● What the task asks
The answer should be an exact repeat of the stretch of material below from the line containing "Dịch vụ phục" through the line containing "Sweat à capuche".

--------

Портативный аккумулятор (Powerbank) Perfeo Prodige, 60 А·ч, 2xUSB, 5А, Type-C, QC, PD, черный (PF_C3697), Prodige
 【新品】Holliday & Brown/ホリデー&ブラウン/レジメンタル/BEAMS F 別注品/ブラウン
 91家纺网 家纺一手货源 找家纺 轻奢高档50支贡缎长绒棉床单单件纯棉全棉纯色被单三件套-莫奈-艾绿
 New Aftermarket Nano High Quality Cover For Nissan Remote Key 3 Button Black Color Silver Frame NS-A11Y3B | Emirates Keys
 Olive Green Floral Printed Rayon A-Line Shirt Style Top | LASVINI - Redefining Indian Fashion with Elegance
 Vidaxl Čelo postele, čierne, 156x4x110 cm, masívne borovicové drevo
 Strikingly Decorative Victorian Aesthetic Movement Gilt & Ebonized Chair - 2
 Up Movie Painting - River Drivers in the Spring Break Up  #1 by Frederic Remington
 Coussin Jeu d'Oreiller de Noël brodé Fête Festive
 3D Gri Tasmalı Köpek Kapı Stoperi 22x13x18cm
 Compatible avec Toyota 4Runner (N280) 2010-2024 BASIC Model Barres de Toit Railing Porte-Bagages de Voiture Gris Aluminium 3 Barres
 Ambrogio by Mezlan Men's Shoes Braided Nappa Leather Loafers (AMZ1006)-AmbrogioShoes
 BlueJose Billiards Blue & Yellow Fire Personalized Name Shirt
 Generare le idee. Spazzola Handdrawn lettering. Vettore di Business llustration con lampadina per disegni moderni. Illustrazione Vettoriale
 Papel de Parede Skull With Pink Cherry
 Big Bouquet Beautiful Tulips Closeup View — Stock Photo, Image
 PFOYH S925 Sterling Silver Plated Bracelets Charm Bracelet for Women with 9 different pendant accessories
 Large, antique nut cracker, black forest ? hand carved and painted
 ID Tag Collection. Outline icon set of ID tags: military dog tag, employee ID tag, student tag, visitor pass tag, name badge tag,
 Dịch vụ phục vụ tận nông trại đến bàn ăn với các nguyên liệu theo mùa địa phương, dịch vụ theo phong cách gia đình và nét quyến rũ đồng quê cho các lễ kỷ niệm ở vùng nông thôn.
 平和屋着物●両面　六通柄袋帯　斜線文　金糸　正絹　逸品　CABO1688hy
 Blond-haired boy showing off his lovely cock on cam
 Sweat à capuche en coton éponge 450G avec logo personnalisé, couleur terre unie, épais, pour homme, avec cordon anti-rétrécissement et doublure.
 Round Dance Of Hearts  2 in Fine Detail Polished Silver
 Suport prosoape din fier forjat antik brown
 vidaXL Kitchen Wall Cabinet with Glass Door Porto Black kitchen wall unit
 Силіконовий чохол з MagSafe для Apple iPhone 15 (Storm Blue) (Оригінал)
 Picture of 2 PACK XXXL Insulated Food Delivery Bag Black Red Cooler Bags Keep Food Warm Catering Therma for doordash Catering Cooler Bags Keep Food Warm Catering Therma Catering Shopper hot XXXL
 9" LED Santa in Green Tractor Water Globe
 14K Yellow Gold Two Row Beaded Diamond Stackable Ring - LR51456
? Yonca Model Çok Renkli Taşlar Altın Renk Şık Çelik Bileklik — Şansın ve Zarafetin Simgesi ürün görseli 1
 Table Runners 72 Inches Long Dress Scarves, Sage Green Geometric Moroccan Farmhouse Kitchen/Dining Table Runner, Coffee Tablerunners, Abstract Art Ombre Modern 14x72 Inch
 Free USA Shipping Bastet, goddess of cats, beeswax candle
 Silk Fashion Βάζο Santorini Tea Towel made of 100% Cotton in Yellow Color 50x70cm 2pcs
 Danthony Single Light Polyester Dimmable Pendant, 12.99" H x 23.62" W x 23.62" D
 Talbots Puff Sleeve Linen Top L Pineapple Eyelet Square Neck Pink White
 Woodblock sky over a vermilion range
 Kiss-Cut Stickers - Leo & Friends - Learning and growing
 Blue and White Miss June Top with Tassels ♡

--------

● Response
 Dịch vụ phục vụ tận nông trại đến bàn ăn với các nguyên liệu theo mùa địa phương, dịch vụ theo phong cách gia đình và nét quyến rũ đồng quê cho các lễ kỷ niệm ở vùng nông thôn.
 平和屋着物●両面　六通柄袋帯　斜線文　金糸　正絹　逸品　CABO1688hy
 Blond-haired boy showing off his lovely cock on cam
 Sweat à capuche en coton éponge 450G avec logo personnalisé, couleur terre unie, épais, pour homme, avec cordon anti-rétrécissement et doublure.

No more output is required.